Чувство отчаяния и безнадежности — в связи с постоянными некрасовскими мотивами тернистого пути поэта, собственной небезупречности, грозящей смерти — как бы и приводит именно к данному сюжету, определяет его выбор. Сюда вплетаются и боль собственных утрат, и даже общее тревожное состояние природы, охваченной бурей.

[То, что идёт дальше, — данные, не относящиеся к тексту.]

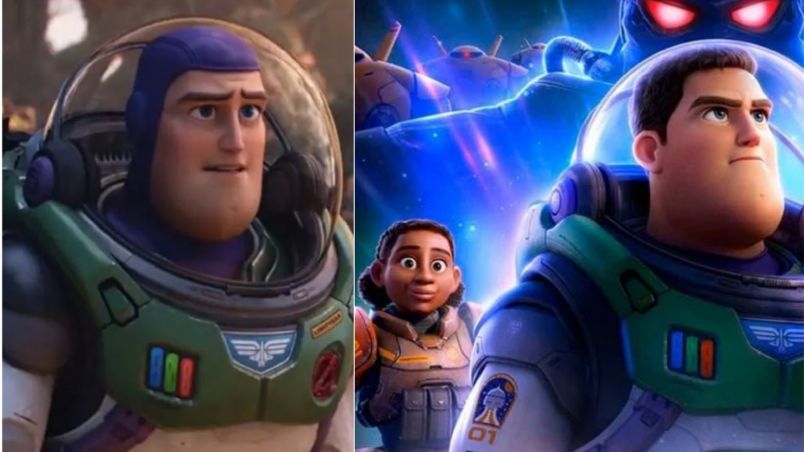 ''Lightyear'' es prohibida por incluir escena gay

И дрожит и пестреет окно...

Чу! как крупные градины скачут!

Милый друг, поняла ты давно —

Здесь одни только камни не плачут...

Природные стихии будут в поэме и дальше выражать состояние героев. В день похорон Прокла

Сурово метелица выла

И снегом кидала в окно...

Печальная избушка осиротевшей семьи, да и вся земля, «как саваном, снегом одета» (позднее то же прозвучит в стихотворении «Балет»: после проводов рекрутов возвращаются, как с похорон,— «в белом саване смерти земля»).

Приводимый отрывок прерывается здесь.